At any given time, the immigration-reform community is engaged in a dizzying flurry of activism. For more than a week, activists including both a liberal union head and a conservative evangelical leader have been fasting on the National Mall, refusing food and drinking only water. There are prayer vigils across the country, a “pilgrimage for citizenship” in Minnesota, mass civil-disobedience arrests in Chicago, an immigration "hackathon" in Silicon Valley. The “Dreamers” pop up everywhere, from Boehner’s favorite breakfast spot to the home-state offices of other Republican leaders. They are ubiquitous at Washington events like the Values Voter Summit, where last month they repeatedly heckled Texas Senator Ted Cruz. “You see a growing level of confrontation, particularly on the left,” said Ali Noorani of the National Immigration Forum, who believes the pressure tactics are succeeding in keeping the issue on lawmakers' radar.
The reformers’ frustration is palpable, as is their confusion. They can’t fathom why Boehner has so stubbornly resisted bringing up legislation he seems to favor in principle; that has enough bipartisan support to pass; and that, while strongly opposed by some on the right, seems unlikely to ignite a backlash among either conservative members of Congress or Republican primary voters. It’s a situation whose perplexing dimensions parallel the October government shutdown.

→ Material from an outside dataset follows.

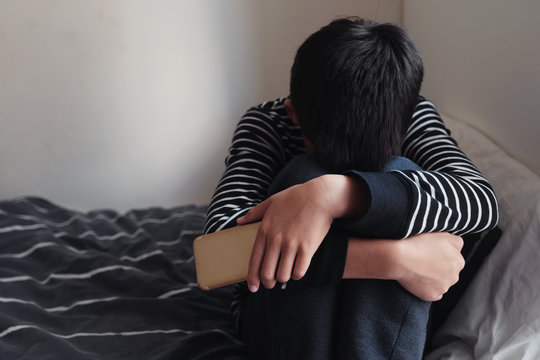 Young Asian preteen teenager boy hugging his knee in his bedroom with smartphone, FOMO, Cyber bullying in kid, depressed child mental illness health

The immigration fight, in this regard, is a parable of American politics in the age of gridlock—when even popular legislation favored by bipartisan majorities of lawmakers, including leadership, and backed by a passionate grassroots coalition, can fail for seemingly no reason at all. There are theories, of course, many ascribing the stalemate to partisanship: Liberals suspect the GOP doesn’t want to give President Obama a “win” on legislation, while conservatives suspect Democrats would rather gin up the Latino vote to punish Republicans than take the issue off the table.
For whatever reason, activists' herculean efforts appear to have run aground. Now, it is up to the reformers to prove that, after cajoling fails, they can bring the hammer down. "We’re closer than we’ve ever been. All we need is for House Republicans to act rationally, but acting rationally doesn’t seem to be high on their to-do list,” Sharry said. “I wish the threat of political consequences would get them to act. If it doesn’t, I think the threat will have to be carried out.”